CVE-2024-58077: 
Linux Kernel vulnerability analysis and mitigation

CVE-2024-58077 affects the Linux kernel's ASoC (ALSA System on Chip) sound driver component. The vulnerability was discovered on March 6, 2025, and involves improper error handling in the soc-pcm.c file. Specifically, the issue relates to how the socpcmret() function handles -EINVAL error messages during the .prepare callback (NVD, Red Hat).

The vulnerability stems from the socpcmret() function ignoring -EINVAL error messages in the common error handling path. This behavior was implemented in commit 1f5664351410 which lowered the log severity for "no backend DAIs enabled" messages. However, this implementation was deemed over-kill as it affected many functions beyond its intended scope. The -EINVAL error should only be ignored when dealing with invalid parameters from userspace (Kernel Commit). According to Red Hat's assessment, this vulnerability has been assigned a CVSS v3.1 Base Score of 5.5 (AV:L/AC:L/PR:L/UI:N/S:U/C:N/I:N/A:H) (Red Hat).

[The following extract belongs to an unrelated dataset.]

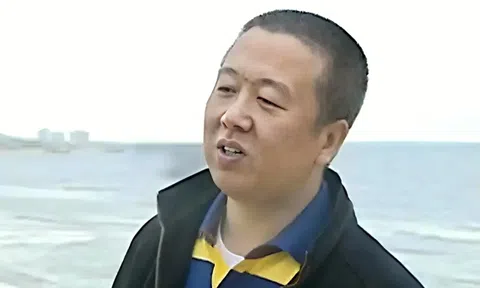 Bị chê cười vì ném 1,58 triệu tấn đá xuống biển trong 5 năm liên tiếp, người đàn ông kiếm được 185 tỷ đồng/năm nhờ “ngân hàng” dưới đại dương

The primary impact of this vulnerability is the potential for a denial-of-service attack on the system's syslog and disk space. When invalid parameters are received from userspace, the improper error handling could allow attackers to flood the system logs, potentially affecting system performance and storage capacity (Red Hat).

The vulnerability has been fixed by removing the use of socpcmret() in the .prepare callback and implementing direct error returns. This change prevents the potential for log-based denial-of-service attacks while maintaining proper error handling. The fix has been incorporated into various Linux kernel versions, including 6.1.129-1 for Debian bookworm and 6.12.17-1 for Debian sid/trixie (Debian).